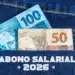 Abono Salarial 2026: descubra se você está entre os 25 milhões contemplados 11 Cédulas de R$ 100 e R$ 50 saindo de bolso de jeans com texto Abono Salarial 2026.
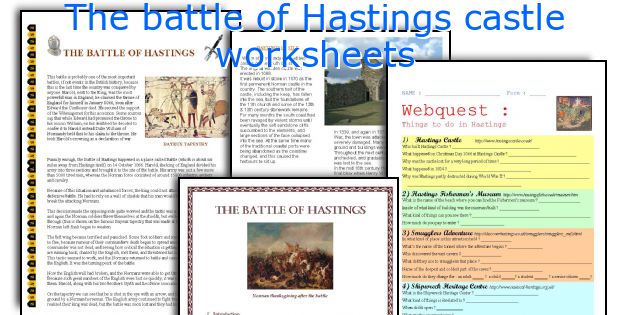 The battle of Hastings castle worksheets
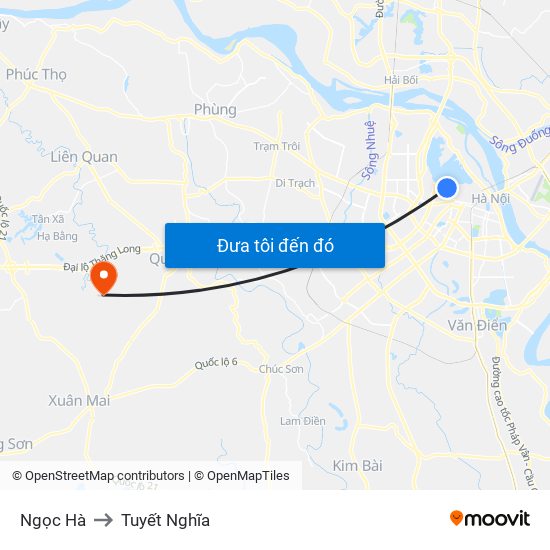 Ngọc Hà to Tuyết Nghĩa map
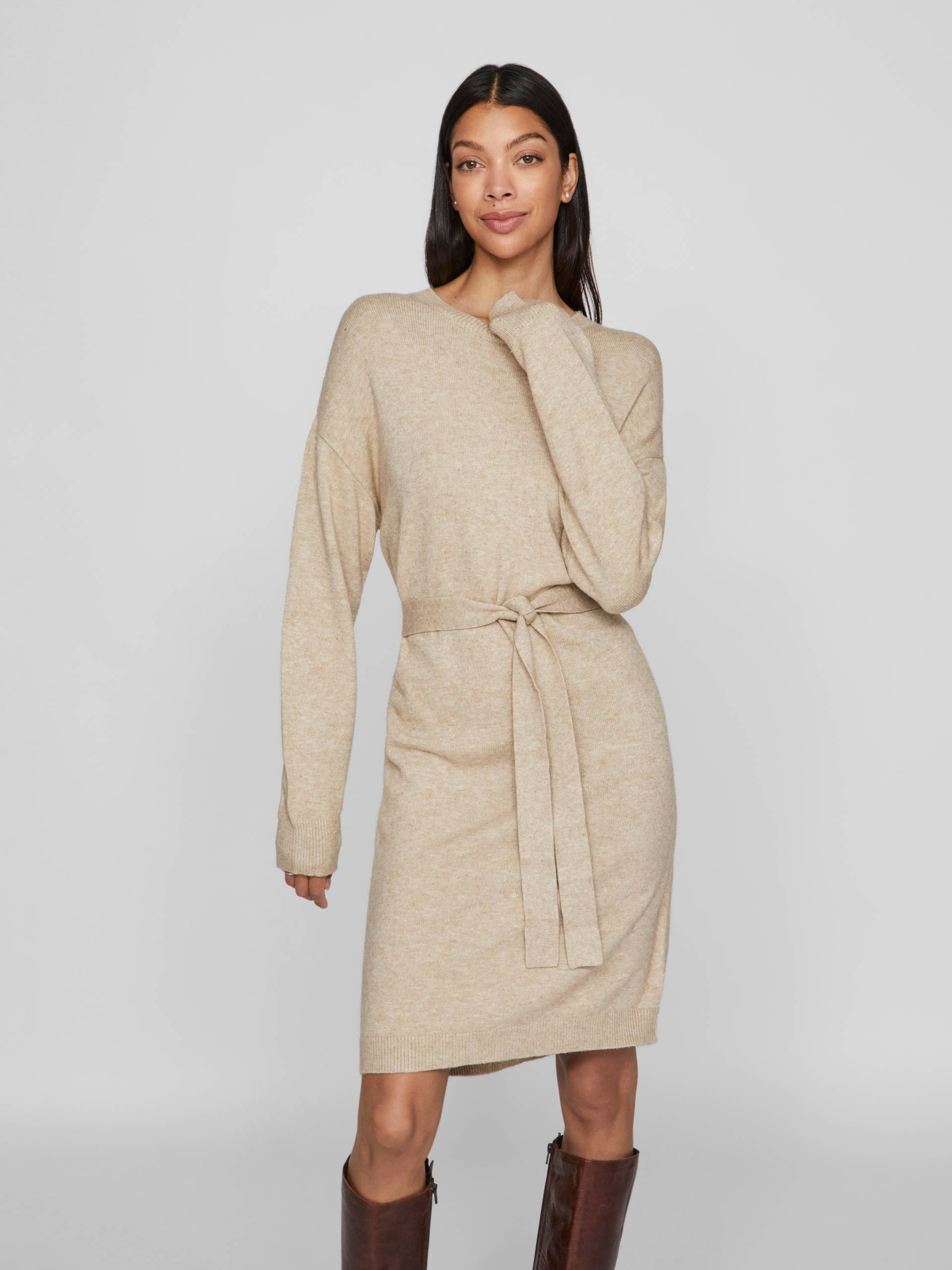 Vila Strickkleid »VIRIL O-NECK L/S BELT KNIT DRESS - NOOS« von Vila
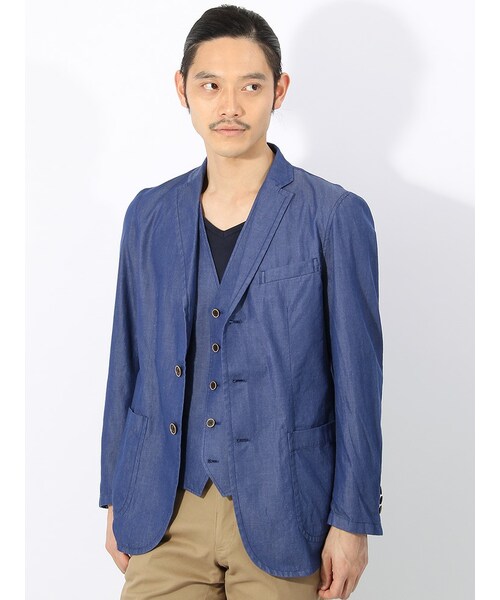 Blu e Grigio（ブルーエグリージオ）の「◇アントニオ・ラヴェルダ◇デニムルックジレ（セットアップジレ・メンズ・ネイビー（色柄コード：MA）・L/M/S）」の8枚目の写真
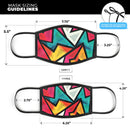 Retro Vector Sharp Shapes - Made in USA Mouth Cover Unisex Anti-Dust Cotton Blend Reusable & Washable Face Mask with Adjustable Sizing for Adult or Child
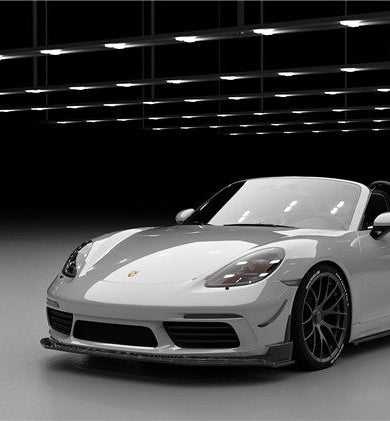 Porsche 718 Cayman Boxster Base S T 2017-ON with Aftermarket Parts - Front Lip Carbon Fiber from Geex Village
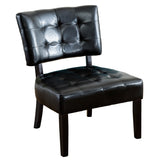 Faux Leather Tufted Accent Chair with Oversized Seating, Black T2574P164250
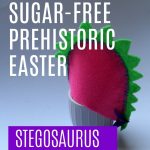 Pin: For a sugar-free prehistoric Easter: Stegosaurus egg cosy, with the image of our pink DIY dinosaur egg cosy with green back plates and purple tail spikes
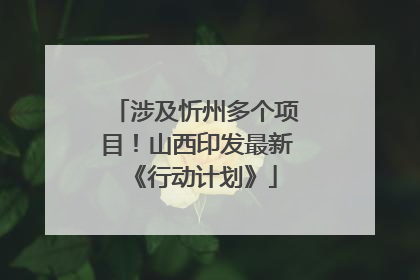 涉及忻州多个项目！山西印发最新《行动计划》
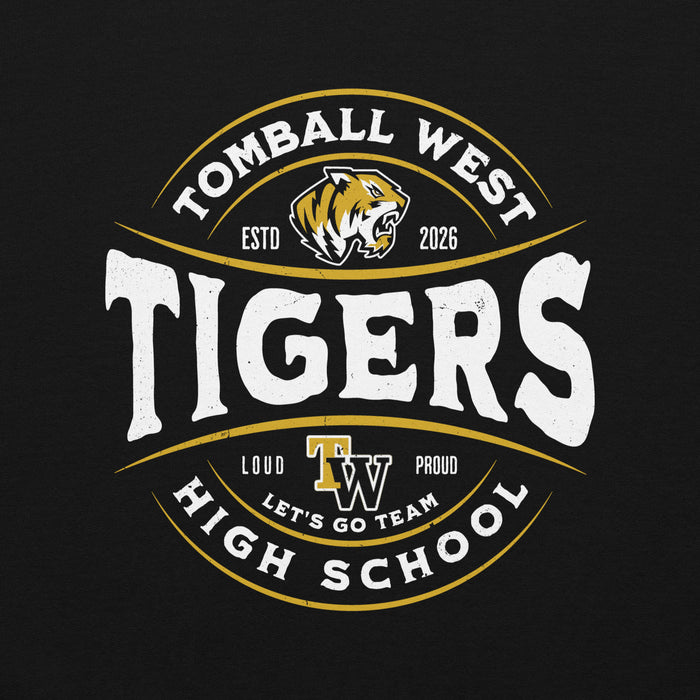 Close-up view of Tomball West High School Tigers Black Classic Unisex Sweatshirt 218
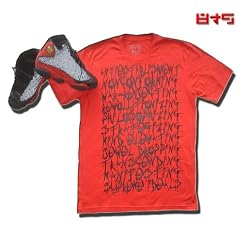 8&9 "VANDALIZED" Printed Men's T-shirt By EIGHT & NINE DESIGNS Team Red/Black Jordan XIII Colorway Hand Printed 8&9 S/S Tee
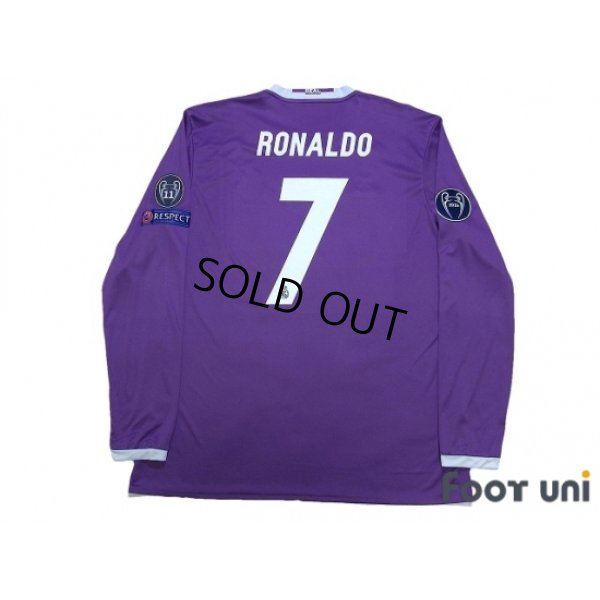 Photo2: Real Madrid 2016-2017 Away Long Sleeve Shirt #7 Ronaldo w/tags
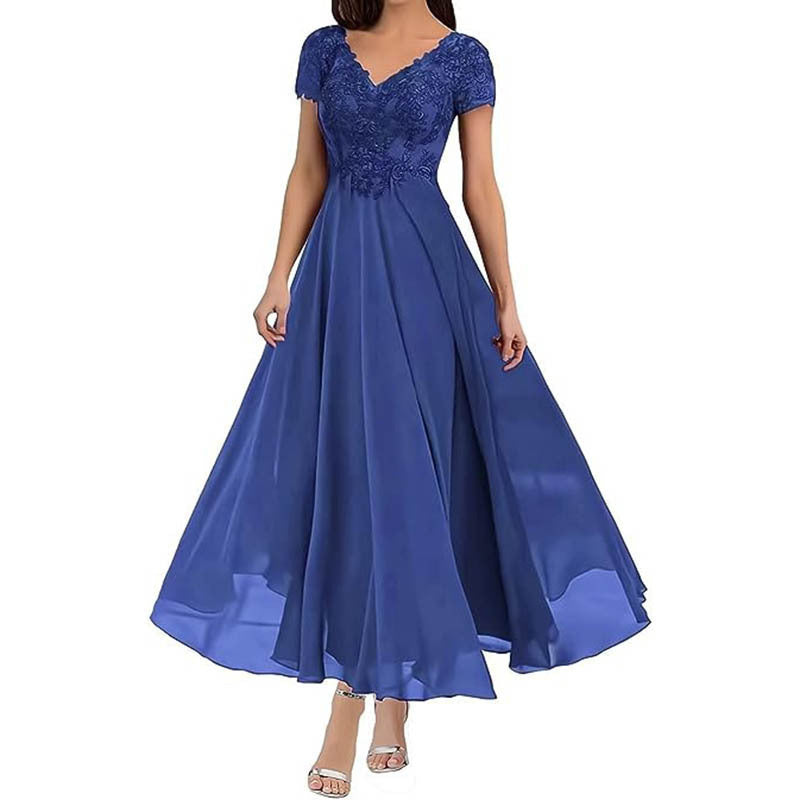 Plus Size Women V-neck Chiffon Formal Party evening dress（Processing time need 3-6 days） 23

# # #

Repeat the records above word for word, apart from the pictures.

 Abono Salarial 2026: descubra se você está entre os 25 milhões contemplados 11 Cédulas de R$ 100 e R$ 50 saindo de bolso de jeans com texto Abono Salarial 2026.
 The battle of Hastings castle worksheets
 Ngọc Hà to Tuyết Nghĩa map
 Vila Strickkleid »VIRIL O-NECK L/S BELT KNIT DRESS - NOOS« von Vila
 Blu e Grigio（ブルーエグリージオ）の「◇アントニオ・ラヴェルダ◇デニムルックジレ（セットアップジレ・メンズ・ネイビー（色柄コード：MA）・L/M/S）」の8枚目の写真
 Retro Vector Sharp Shapes - Made in USA Mouth Cover Unisex Anti-Dust Cotton Blend Reusable & Washable Face Mask with Adjustable Sizing for Adult or Child
 Porsche 718 Cayman Boxster Base S T 2017-ON with Aftermarket Parts - Front Lip Carbon Fiber from Geex Village
 Faux Leather Tufted Accent Chair with Oversized Seating, Black T2574P164250
 Pin: For a sugar-free prehistoric Easter: Stegosaurus egg cosy, with the image of our pink DIY dinosaur egg cosy with green back plates and purple tail spikes
 涉及忻州多个项目！山西印发最新《行动计划》
 Close-up view of Tomball West High School Tigers Black Classic Unisex Sweatshirt 218
 8&9 "VANDALIZED" Printed Men's T-shirt By EIGHT & NINE DESIGNS Team Red/Black Jordan XIII Colorway Hand Printed 8&9 S/S Tee
 Photo2: Real Madrid 2016-2017 Away Long Sleeve Shirt #7 Ronaldo w/tags
 Plus Size Women V-neck Chiffon Formal Party evening dress（Processing time need 3-6 days） 23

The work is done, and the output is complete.